Bomb attack on Pakistan mosque kills 45
Senior city official Hashim Raza said 149 were also wounded in the blast in Karachi, the latest to target Shiite Muslims.
"It was a powerful blast on a congested Shiite-dominated area," senior police official Shabir Ahmad Sheikh.
Military offensives and US drone strikes against the Taleban in Pakistan have reduced the number of suicide attacks on government and military targets over the past year.
But Sunni groups, most prominently Lashkar-e-Jhangvi (LeJ), have escalated attacks against Shiites, who they believe are non-Muslims.
Bombings targeting Shiites have killed nearly 200 people in the city of Quetta alone since the start of the year.

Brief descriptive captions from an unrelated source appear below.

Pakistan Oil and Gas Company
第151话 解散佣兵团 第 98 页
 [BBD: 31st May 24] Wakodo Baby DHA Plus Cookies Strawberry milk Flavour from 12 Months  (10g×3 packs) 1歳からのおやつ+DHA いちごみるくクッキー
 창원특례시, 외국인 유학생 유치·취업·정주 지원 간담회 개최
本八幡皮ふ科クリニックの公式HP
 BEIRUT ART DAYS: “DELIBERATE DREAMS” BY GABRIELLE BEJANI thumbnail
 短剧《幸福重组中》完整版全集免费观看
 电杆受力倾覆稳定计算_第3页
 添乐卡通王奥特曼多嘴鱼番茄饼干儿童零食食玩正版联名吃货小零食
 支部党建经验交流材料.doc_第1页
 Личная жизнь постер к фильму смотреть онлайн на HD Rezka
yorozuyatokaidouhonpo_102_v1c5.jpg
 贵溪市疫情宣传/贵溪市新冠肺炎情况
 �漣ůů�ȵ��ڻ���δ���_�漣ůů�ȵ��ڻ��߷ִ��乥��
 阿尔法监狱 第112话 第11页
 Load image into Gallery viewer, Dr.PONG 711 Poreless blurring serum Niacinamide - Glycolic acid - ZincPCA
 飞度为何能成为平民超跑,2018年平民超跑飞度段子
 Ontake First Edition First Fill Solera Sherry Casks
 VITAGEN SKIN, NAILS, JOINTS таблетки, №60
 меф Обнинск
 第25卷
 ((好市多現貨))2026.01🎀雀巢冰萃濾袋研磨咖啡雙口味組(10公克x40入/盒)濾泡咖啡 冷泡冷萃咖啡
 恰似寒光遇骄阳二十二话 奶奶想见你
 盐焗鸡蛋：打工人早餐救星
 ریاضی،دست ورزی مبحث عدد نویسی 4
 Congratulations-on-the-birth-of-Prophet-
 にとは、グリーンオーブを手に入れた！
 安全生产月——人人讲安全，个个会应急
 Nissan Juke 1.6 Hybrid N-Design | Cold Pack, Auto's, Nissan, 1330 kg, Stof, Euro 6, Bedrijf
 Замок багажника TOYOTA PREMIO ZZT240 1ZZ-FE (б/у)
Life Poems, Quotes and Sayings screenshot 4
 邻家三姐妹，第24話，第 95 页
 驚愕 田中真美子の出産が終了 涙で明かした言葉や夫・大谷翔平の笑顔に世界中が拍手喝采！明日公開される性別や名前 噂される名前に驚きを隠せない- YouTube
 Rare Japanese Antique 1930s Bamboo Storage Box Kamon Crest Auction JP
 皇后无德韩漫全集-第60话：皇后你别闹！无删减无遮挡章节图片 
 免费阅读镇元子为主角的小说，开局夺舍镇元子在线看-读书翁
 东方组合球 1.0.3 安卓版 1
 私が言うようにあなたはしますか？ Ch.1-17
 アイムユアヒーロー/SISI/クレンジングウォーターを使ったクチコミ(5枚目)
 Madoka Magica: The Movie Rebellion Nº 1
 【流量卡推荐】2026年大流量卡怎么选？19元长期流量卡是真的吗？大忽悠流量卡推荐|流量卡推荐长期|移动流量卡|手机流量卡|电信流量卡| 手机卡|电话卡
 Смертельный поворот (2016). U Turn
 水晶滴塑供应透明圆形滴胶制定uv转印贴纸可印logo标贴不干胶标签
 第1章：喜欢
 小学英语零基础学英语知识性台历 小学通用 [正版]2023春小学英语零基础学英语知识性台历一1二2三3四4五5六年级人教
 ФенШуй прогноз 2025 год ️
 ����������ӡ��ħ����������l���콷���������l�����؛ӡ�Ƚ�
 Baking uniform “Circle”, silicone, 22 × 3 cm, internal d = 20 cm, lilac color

In 2012, sectarian attacks and clashes climbed by 47 percent to 208, according to the Pak Institute for Peace Studies, a prominent Pakistani think tank.
While the Quetta carnage grabbed world attention, a Reuters inquiry into a lesser known spate of murders in Karachi suggests the violence is taking on a volatile new dimension as a small number of Shiites fight back.
Pakistan's Western allies have traditionally been fixated on the challenge posed to the nuclear-armed state by Taleban militants battling the army in the highlands on the Afghan frontier.
But a cycle of tit-for-tat killings on the streets of Karachi points to a new type of threat: a campaign by LeJ and allied Pakistani anti-Shiite groups to rip open sectarian fault-lines in the city of 18 million people.
Pakistani intelligence agents say the LeJ has become a major security threat in Pakistan, which is also struggling with a fragile economy, dilapidated infrastructure and widespread poverty.
Shiite frustrations are rising with each blast. Shiites fired weapons in the air on Sunday night in Karachi, a bustling metropolis plagued by ethnic and political violence and crime.
"The explosion was so massive it jolted the entire area," said witness Ali Reza. "Two flats and nearby shops caught fire after the explosion and balconies of various buildings collapsed."
Another witness, Muhammad Kazim, said women and children who were shopping nearby were wounded.